ACTIVITY. Exactly and only the lines from the first entry through the line with "There are two ways of" should be copied, both ends included, with no pictures.

SUPPLIED DATA.
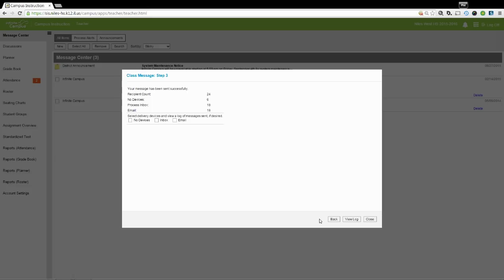When you're all finished, click the Close button, and the messages will be sent at the appropriate time.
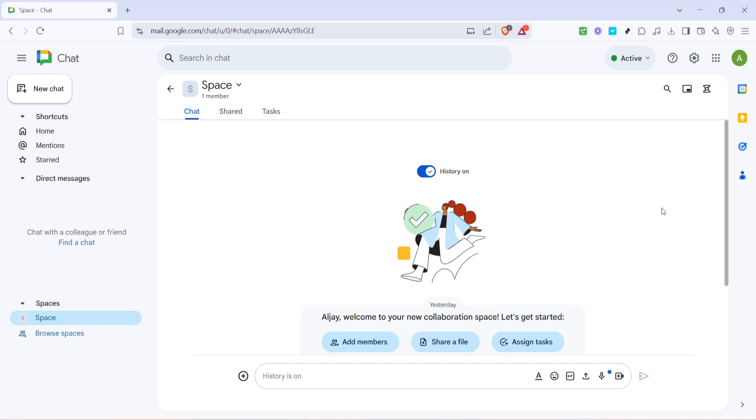In today's video I'm going to teach you how to effectively use Google Tasks to manage your team. In this tutorial we'll explore how to harness the power of Google Tasks to streamline your team's workflow and ensure every task is accounted for efficiently. So let's dive right in.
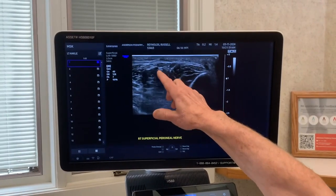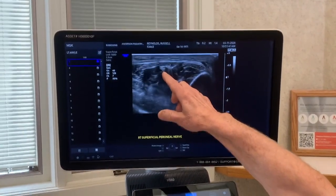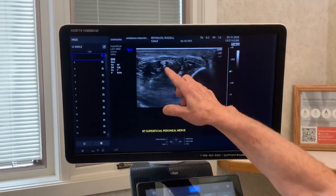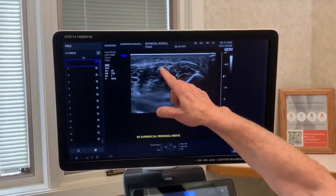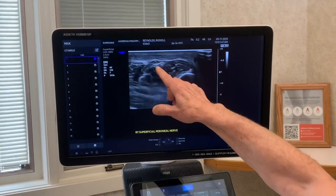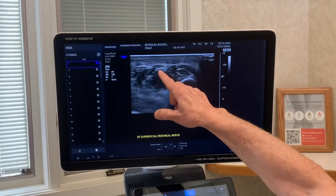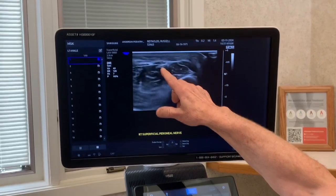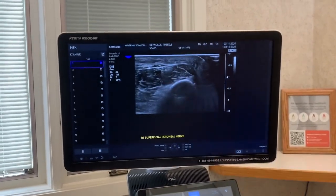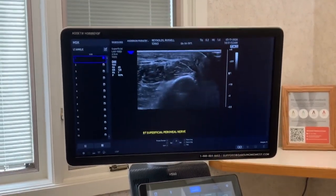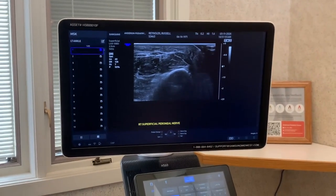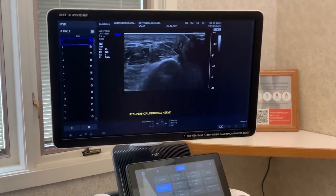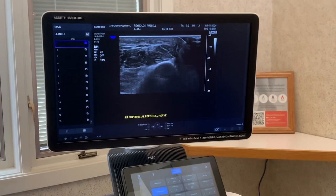Watch what happens as I scan down toward the ankle. High up in the leg, moving down toward the ankle — watch — that nerve becomes compressed, getting very flat. Around that area it's going to make its transition from underneath the fascia to the top. I think that's showing you physically that there is compression.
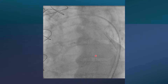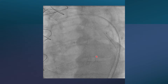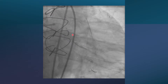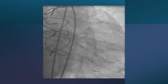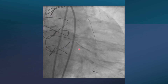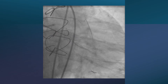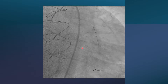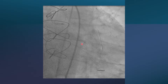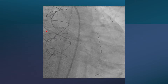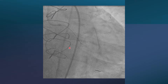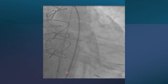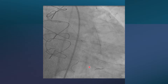The next challenge was directing the wire into the proper circumflex rather than only into the OM. After pre-dilation, it was not possible to do this without a dual-lumen microcatheter. Using the Sasuke dual-lumen microcatheter, we were able to direct a wire into the main branch of the circumflex.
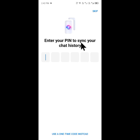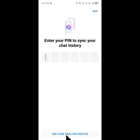Let's get started without wasting any time. There are two ways to fix this problem. The first way is to create a new pin on your Messenger. As you can see here, there is the option of 'use a one time code instead'.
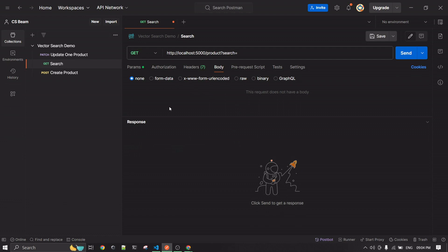In this video, we will see how to create a semantic search using MongoDB Atlas vector search. We will be using Node.js as the programming language and we'll be using a block of OpenAI models to do the embeddings and the chat completion model.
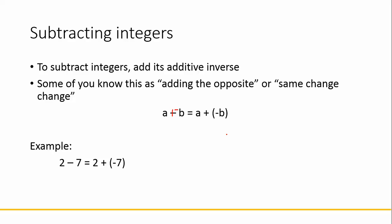If we look at the example 2 minus 7, it becomes 2 plus negative 7. After you've done the adding the opposite or same change change, however you hear it, then you're simply adding integers, which is what our previous lesson was over.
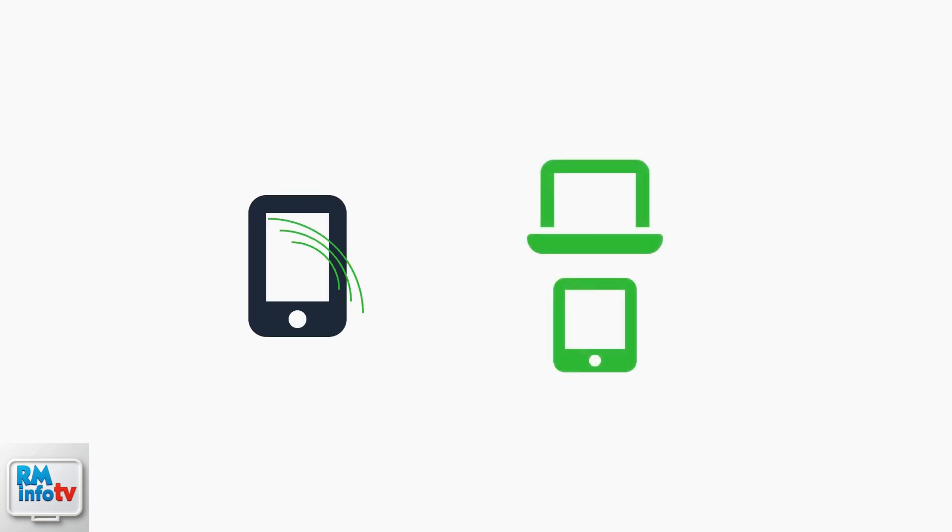A mobile hotspot lets you share your Cricket wireless data connection with other devices by turning your phone into a portable Wi-Fi router.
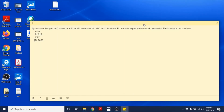So here's my question for you. A customer bought 1,000 shares of ABC at $20 and writes 10 ABC October 25 calls for $2. The calls expire and the stock was sold at $26.25. What is the cost basis? Is it A, $20? Is it B, $28.25? Is it C, $22? Is it D, $26.25? I will answer it on my live, and if you want to leave comments with your choice, that's fine too.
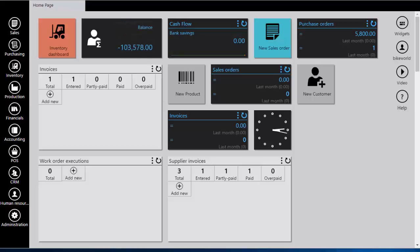There are two ways of importing customers from your Excel table: through Administration or directly through the Sales module.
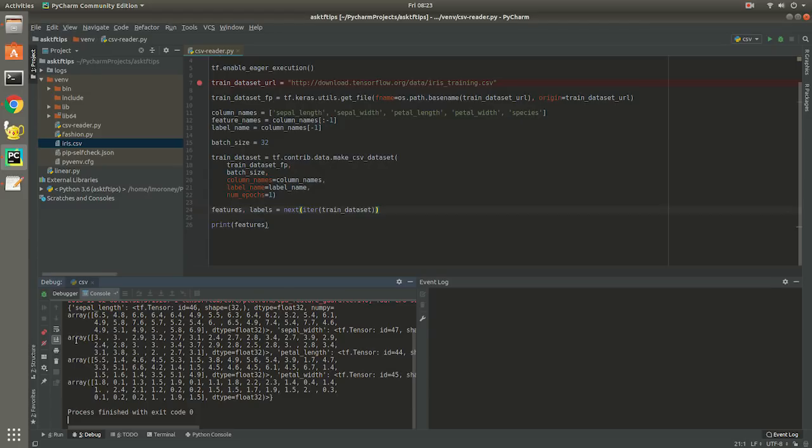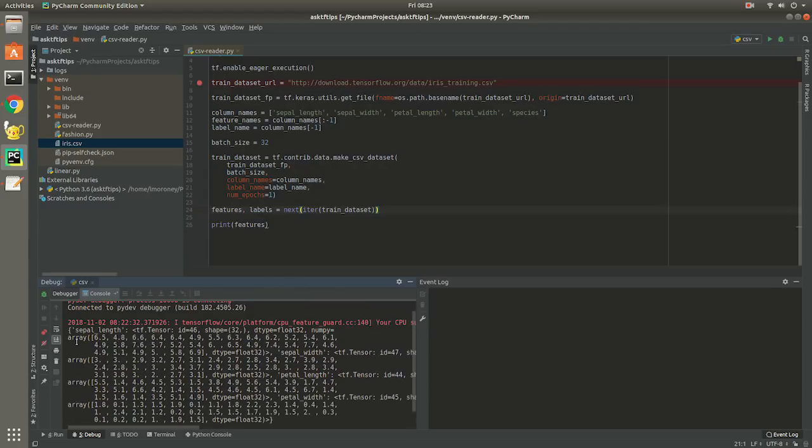So that's it for loading CSV into TensorFlow using Keras utilities. To learn more about TensorFlow, visit tensorflow.org.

ANSWER SECTION.
When you're all finished, click the Close button, and the messages will be sent at the appropriate time.
In today's video I'm going to teach you how to effectively use Google Tasks to manage your team. In this tutorial we'll explore how to harness the power of Google Tasks to streamline your team's workflow and ensure every task is accounted for efficiently. So let's dive right in.
Watch what happens as I scan down toward the ankle. High up in the leg, moving down toward the ankle — watch — that nerve becomes compressed, getting very flat. Around that area it's going to make its transition from underneath the fascia to the top. I think that's showing you physically that there is compression.
The next challenge was directing the wire into the proper circumflex rather than only into the OM. After pre-dilation, it was not possible to do this without a dual-lumen microcatheter. Using the Sasuke dual-lumen microcatheter, we were able to direct a wire into the main branch of the circumflex.
Let's get started without wasting any time. There are two ways to fix this problem. The first way is to create a new pin on your Messenger. As you can see here, there is the option of 'use a one time code instead'.
In this video, we will see how to create a semantic search using MongoDB Atlas vector search. We will be using Node.js as the programming language and we'll be using a block of OpenAI models to do the embeddings and the chat completion model.
If we look at the example 2 minus 7, it becomes 2 plus negative 7. After you've done the adding the opposite or same change change, however you hear it, then you're simply adding integers, which is what our previous lesson was over.
A mobile hotspot lets you share your Cricket wireless data connection with other devices by turning your phone into a portable Wi-Fi router.
So here's my question for you. A customer bought 1,000 shares of ABC at $20 and writes 10 ABC October 25 calls for $2. The calls expire and the stock was sold at $26.25. What is the cost basis? Is it A, $20? Is it B, $28.25? Is it C, $22? Is it D, $26.25? I will answer it on my live, and if you want to leave comments with your choice, that's fine too.
There are two ways of importing customers from your Excel table: through Administration or directly through the Sales module.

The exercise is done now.